House of Penance is writer Peter J. Tomasi and artist Ian Bertram’s meditation on that obsession, on that violence, and what it does to people. It is a gross, unwieldy and loose story of penance, hopelessness, and slow, gory redemption that may confuse and frustrate but also finds great success in its unflinching approach collected here in Dark Horse’s library edition for your enjoyment.
And speaking of enjoyment, there’s plenty to be had. While Tomasi’s narrative is somewhat loose and meandering, it is equally evocative and impacting. For every weak second issue (of six) — which spends too much time showing us things with little contextualization or meaning — there is another with great, horrible depth and significance. For every confusing scene of a man thrusting his arm into a furnace for no reason, there’s also one of a matron of a failed family and legacy begging her family to stop haunting her while singing to her child’s empty pajamas. It’s simply great, mostly balanced, and truly effective horror.

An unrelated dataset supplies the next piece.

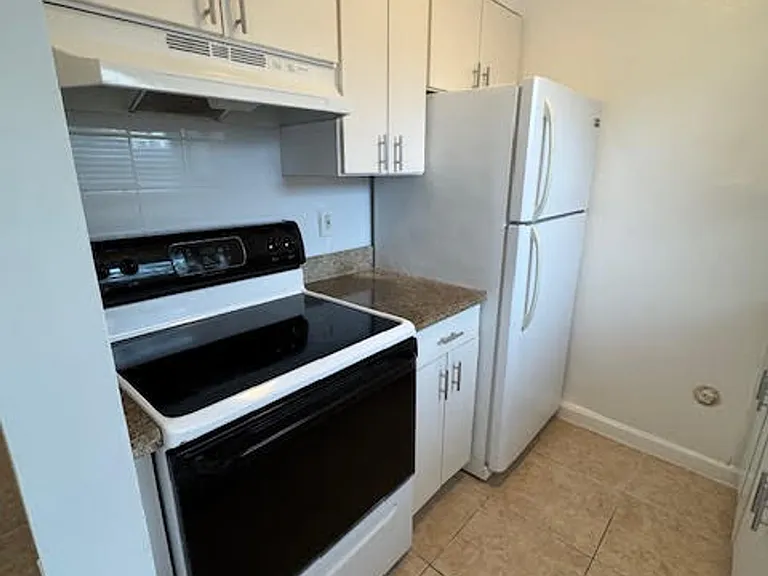 100 SW 10th St Ft. Lauderdale, FL 33315 — Photo 5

Similarly, Sarah is a fantastically broken but sympathetic main character. Especially so when placed up against her scheming sister and brother-in-law who would see the Winchester name and fortune taken away from her. But also, in comparison to the equally broken co-star, a violent man named Warren Peck. Called to Sarah’s ever expanding, confusing mansion by the ringing of hammers in the night — sounding like gunshots by design — both to drown out the haunts, and to drawn in the wretched so Sarah can guide them towards retribution, Peck is as every bit as mad as Sarah, but in an entirely different way. The two dance around each other, different obsessions — guilt over not being able to save her family, and not being able to drown out the ghosts for Sarah, and guilt over the violence he’s done and the harm he’s inflicted for Peck, in a dizzying dance that I found personally enthralling. They feed each other’s madness — folie a deux — and amongst a narrative also beset by murderers, racists (eugh, not my favorite bit of dialogue but period correct I guess), scoundrels, fist fights, and very real ghosts, the story is all the better for it, even if it is rather simplistic and confusing.

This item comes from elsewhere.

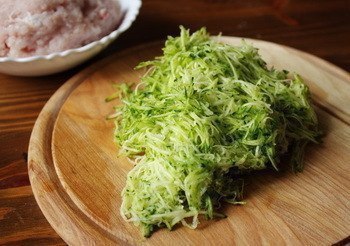 КАБАЧКОВО-КУРИНЫЕ КОТЛЕТЫ КАБАЧКОВО-КУРИНЫЕ КОТЛЕТЫ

Thankfully, where Tomasi falters, Bertram does not. This is a visually intense, disturbing story, and Bertram’s art meets and exceeds that call splendidly. Accompanied by colorist Dave Stewart’s fantastic deep reds and stark blacks, Bertram brings a hairline tense world of madness and panic, claustrophobia and violence to life incredibly well. Sarah’s gradual descent from a tense, terse woman with perfectly buttoned blouse and tucked hair to a rambling, Helena Bonham Carter as Beatrix LeStrange terror is fantastically done. As is the Lovecraftian tentacle reckoning that takes place across the final pages of the story. As are the shocking images of dead animals and family members akin to Tyler Crook’s work in Harrow County, one of my favorite horror comics of all time. It’s strange, yes, and the people don’t look like much like people at all, nor does all the geometry or choreography work, but when it does, it’s one of the most singularly effective and stylish horror comics I’ve ever read.
That being said, the library edition of this story adds very little to what’s here. The new cover is meaningless, and the sketches don’t add much to either the narrative or artistic process. If you have a copy of this in trade already, there’s no reason to rush out to buy this edition.
House of Penance is a re-telling and dramatization of the real Sarah Winchester’s story that makes a point about humanity, all its imperfections, and its resilience that succeeds because it’s based on the madness of real people — on the violence and disgust, grit, and eventual redemption that so much of the Earth seems mired in. It’s not necessarily a fun read, but it is a worthwhile one.